The UK has moved away from coal-fired generation and mandated a closure date of 1 October 2024. Coal generation provided only around 2 per cent of its electricity needs last year (down from 40 per cent in 2012). The energy crisis has led to questions whether coal units should be kept in reserve until closer to the final phase out date.

It has three operating plants include the 2000MW West Burton A (expected to end operation in September 2022) and the 2000MW Ratcliffe power station, where one of its four 500MW units was due to close at the end of September next year with the remaining units expected to close in September 2024. The third plant, Drax’s Selby power station in North Yorkshire has a capacity of 3,906 megawatts (MW) but four of the plant’s six units (2595 MW) were converted to using compressed wood pellets to generate electricity. The remaining two coal units ended commercial operation in March but were expected to remain available for emergency needs until September 2022. In light of the current energy emergency the company has said it could keep these units operating beyond the planned closure date and the plants have already been called back into action recently.

As a result, the 35GW of gas-fired plant has been the UK's dominant price-setter and with the increased gas prices this has contributed to wholesale electricity price increases estimated at 250 per cent with high forward prices now being reported (see figure 2 above) while energy consultants Zenergi this week reported a day ahead price of  GBP166.10/MWh ($310/MWh) .

The change in generation mix and output in the UK is shown in figures 4 and 5.

Figure 4: Installed Generation Capacity 2000-2020

Source: DUKES

Figure 5: UK Generation by fuel type (TWh)

Source: DUKES

The French connection

Adding to the stress on the system was a major fire that impacted Britain’s 2GW IFA1 interconnector with France.  National Grid said the fire and planned maintenance at the 2GW IFA1 interconnector site in Kent meant the cable was offline during September while half of its capacity – 1GW - is expected to be unavailable until late March 2022.

France is the UK’s biggest supplier of power through interconnectors (47 per cent of its imports in 2020).

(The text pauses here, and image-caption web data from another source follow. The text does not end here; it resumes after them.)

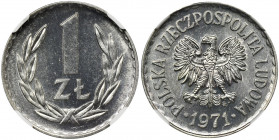 1 złoty 1971 - NGC MS66 &nbsp; Menniczy egzemplarz w znakomitym stanie zachowania. 
 
 
 
Reference: Parchimowicz 213h
Grade: NGC MS66 2-ga nota ...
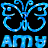 Pixelated blue butterfly-shaped logo with stylized text below on black background, static single-frame image.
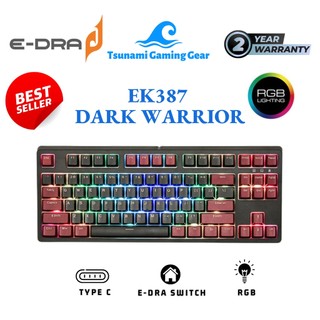 Bàn phím cơ gaming E-Dra EK387 RGB Dark Warrior I E-dra Switch I PBT keycap I USB type C
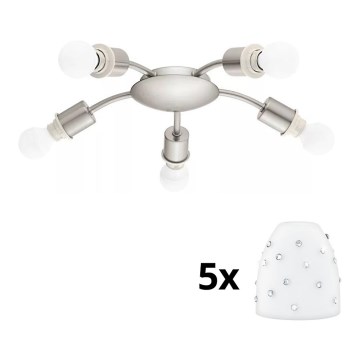 Eglo - LED Deckenleuchte MY CHOICE 5xE14/4W/230V mattchrom/weiß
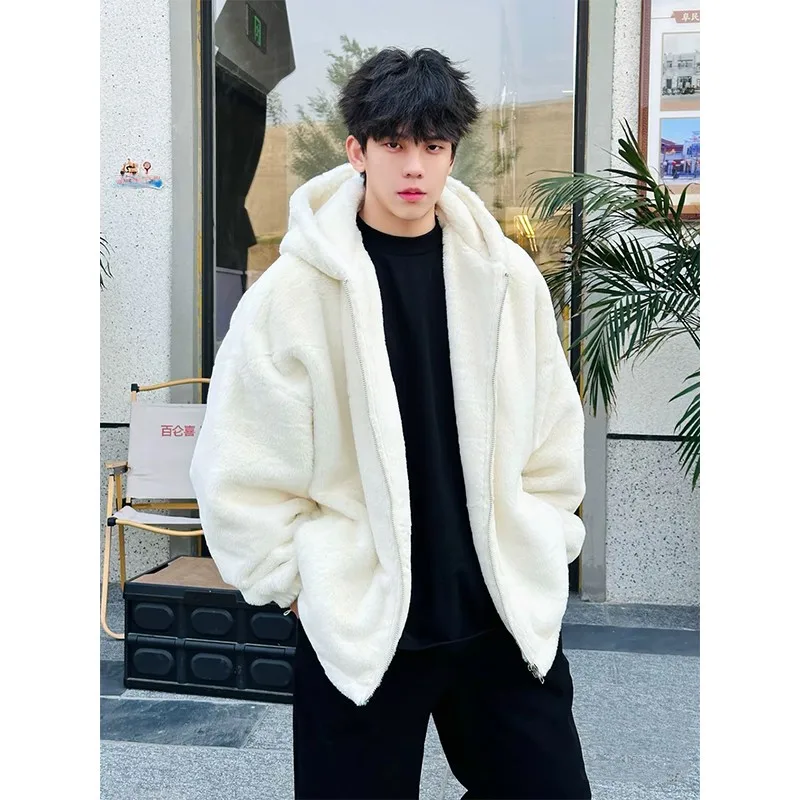 

Lamb Velvet Hooded Cotton Jaet Men's Winter Thiened Fce Open Cardigan Sweatirt Cleanfit Warmth Outerwear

A second interconnector with France the 1GW IFA2 has continued at full capacity.

The UK imports and exports electricity via six subsea cables from France, Belgium, Ireland and Northern Ireland and the Netherlands with a capacity of 6GW. A seventh, the North Sea Link (1.4GW) to Norway is undergoing testing and a further interconnector, Viking Link, is under construction and planned to begin operating in 2023 (see map)

Figure 6: UK Interconnectors

Source: National Grid

Retailer woes

At the end of this pipeline of problems has been electricity retailers who have found themselves squeezed between higher wholesale prices and price caps. Twelve retailers have failed this year and more are expected to go out of business (at the end of March the UK had 49 retailers, but energy consultancy Baringa has said there may be “less than 10 suppliers by the time we come through winter”).

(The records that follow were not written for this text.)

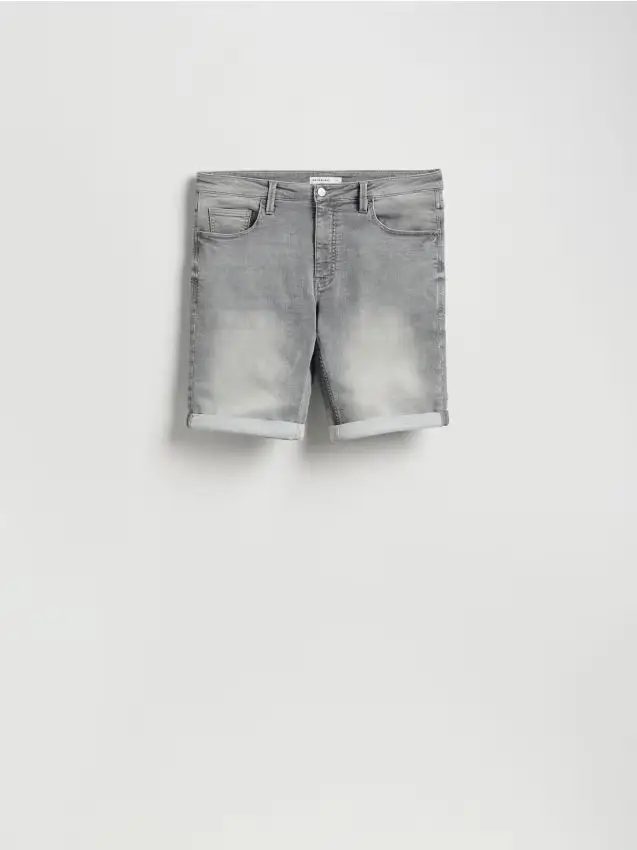 Pantaloncini denim slim - grigio chiaro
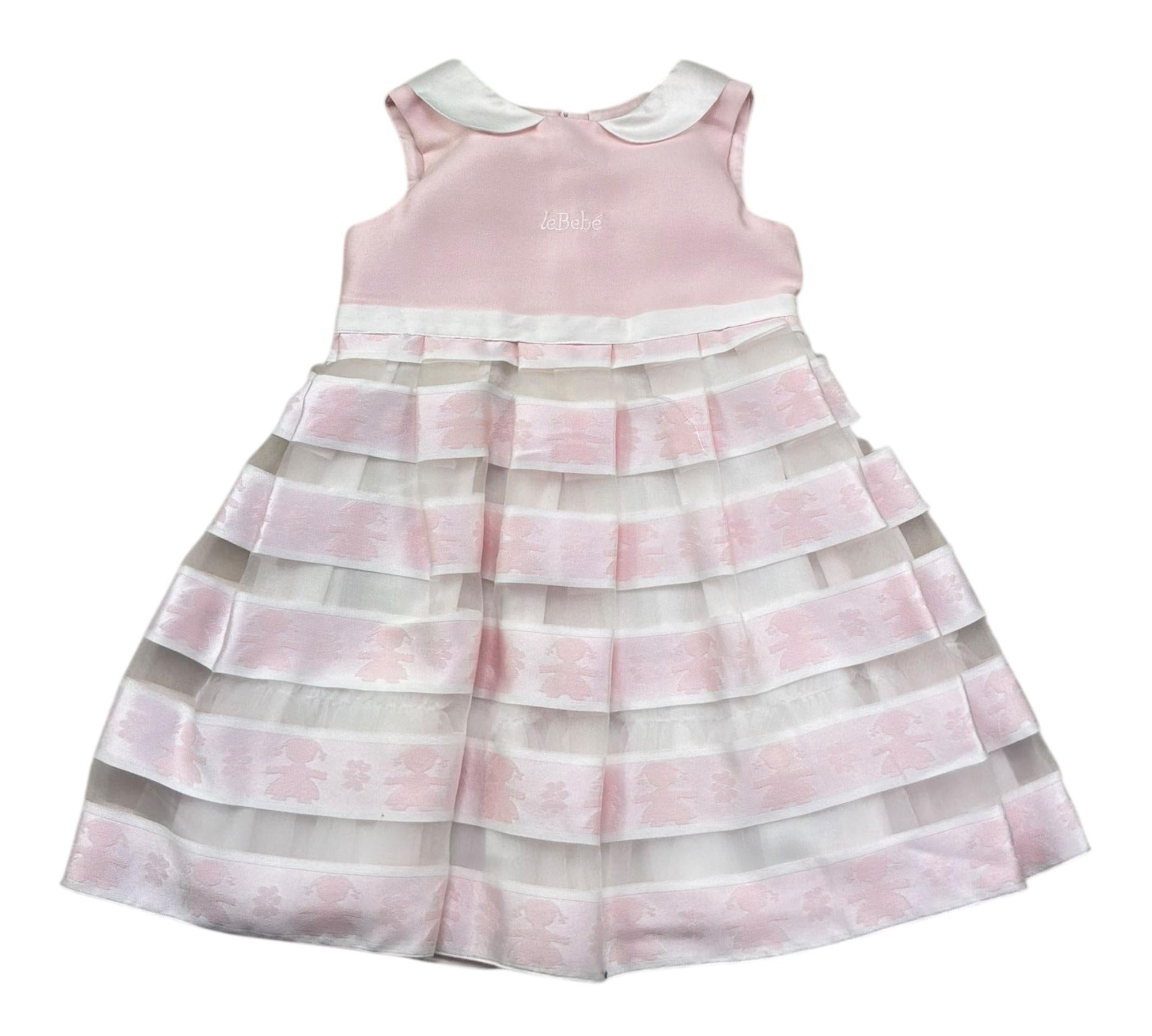 Le Bebe Abito Giromanica Tinta Unitacon Ricami Logo per Bambina LBG0758 ROSA LE BEBE 
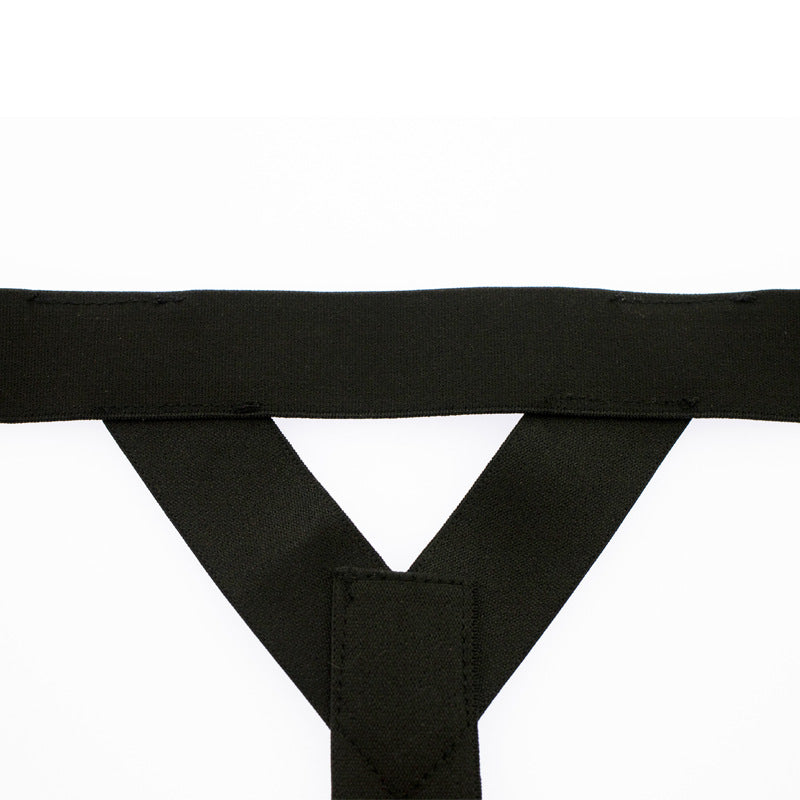 Ice Silk Leg Band U Pouch Thong in black shown from the back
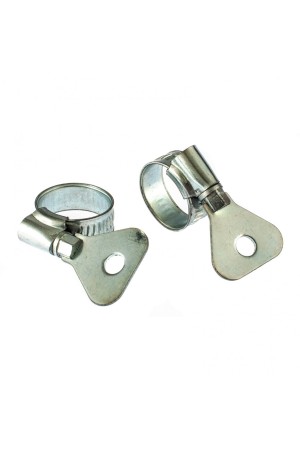 Хомуты металлические, червячные 12-20 мм, ширина 10 мм, W1, с металлическим ключом, 2 шт Сибртех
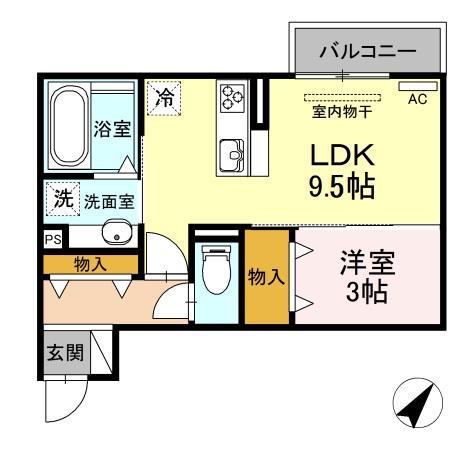 ヴィダ フェリィス三番館(1LDK/2階)の間取り写真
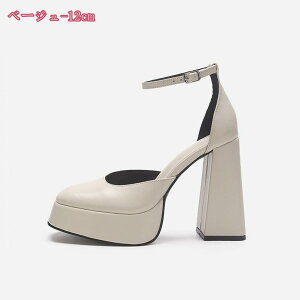 パンプス 厚底 サンダル 走れる 痛くない オフィス 結婚式 疲れない ハイヒール 12cm 黒 エレガント 軽量 美脚 レディース パーティー オシャレ チャンキーヒール サイドカット ストラップ 歩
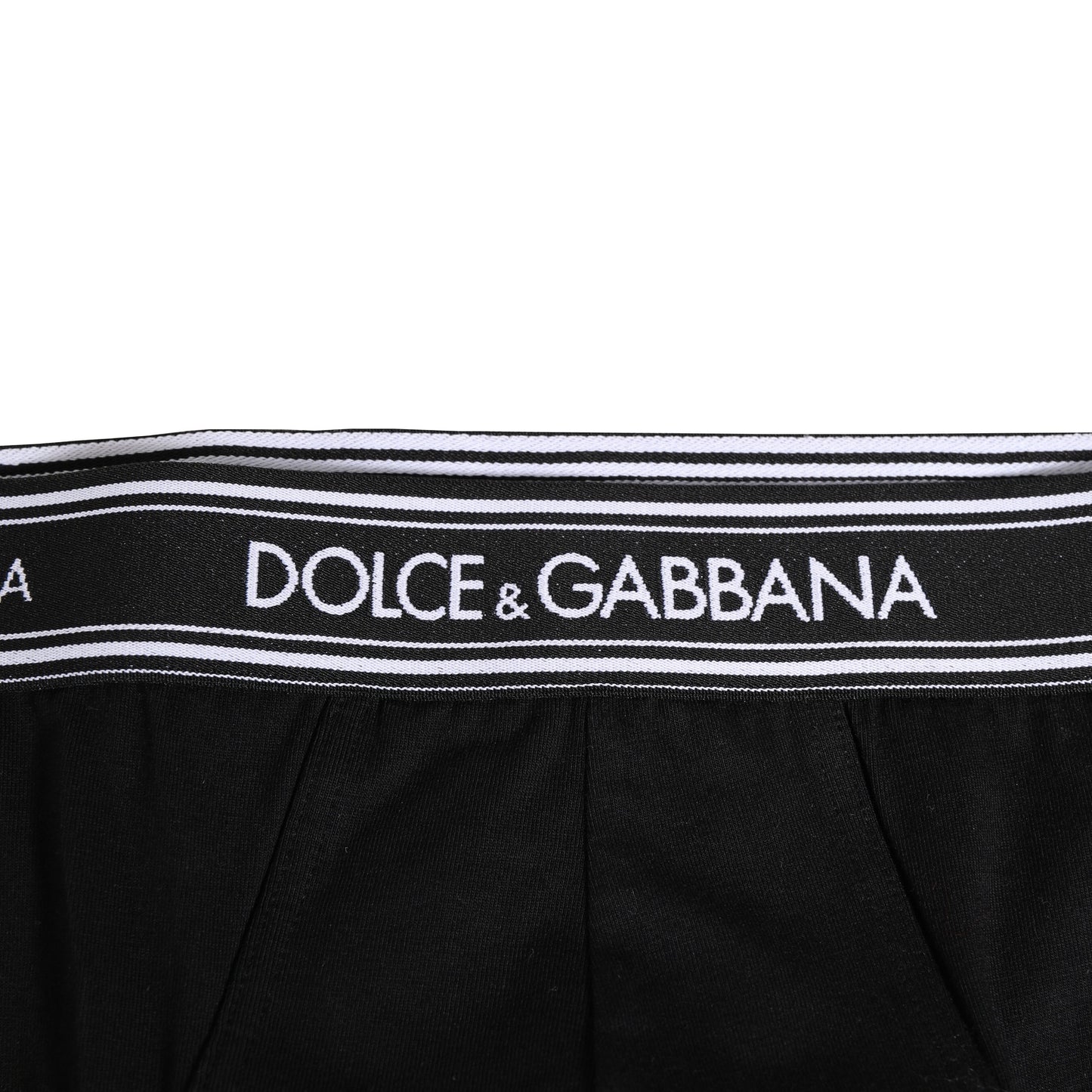 Dolce &amp; Gabbana – Slip mit Logo-Print aus schwarzer Stretch-Baumwolle
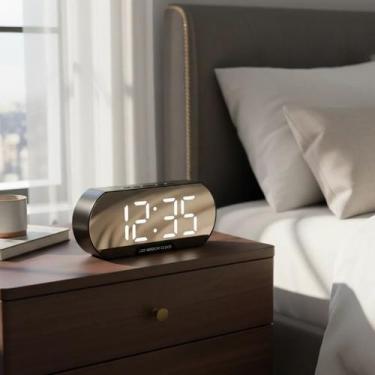 Imagem de Relógio Despertador Digital Espelho De Mesa - Led Dourado Espelhado -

Even when the UK’s retail price cap increases in October it assumes an underlying wholesale price of £82/MWh ($153/MWh) well below the forward prices being reported (see figure 2). As Baringa note it effectively means a loss for every customer on a price cap with retailers.

Consultants EnAppSys estimated the household power bills would need to rise by more than £550 a year (more than $1000) if gas prices stay high and with no government intervention. The UK’s price cap means average annual bill for gas and electricity will be limited to £1,277 ($2387) from next month and based on this analysis would have to go to £1,834 ($3429) if households were to cover the full costs of buying supplies today.

The UK’s largest energy retailers have warned suppliers could refuse to absorb the customers of failed rivals under the UK’s supplier of last resort mechanism unless the government comes back to negotiate a rescue package, arguing that intervention in the sector is unavoidable.

The price shocks and energy challenges are not going to ease significantly any time soon. And neither will debate about what has led to this position and assessment of previous and future policy measures.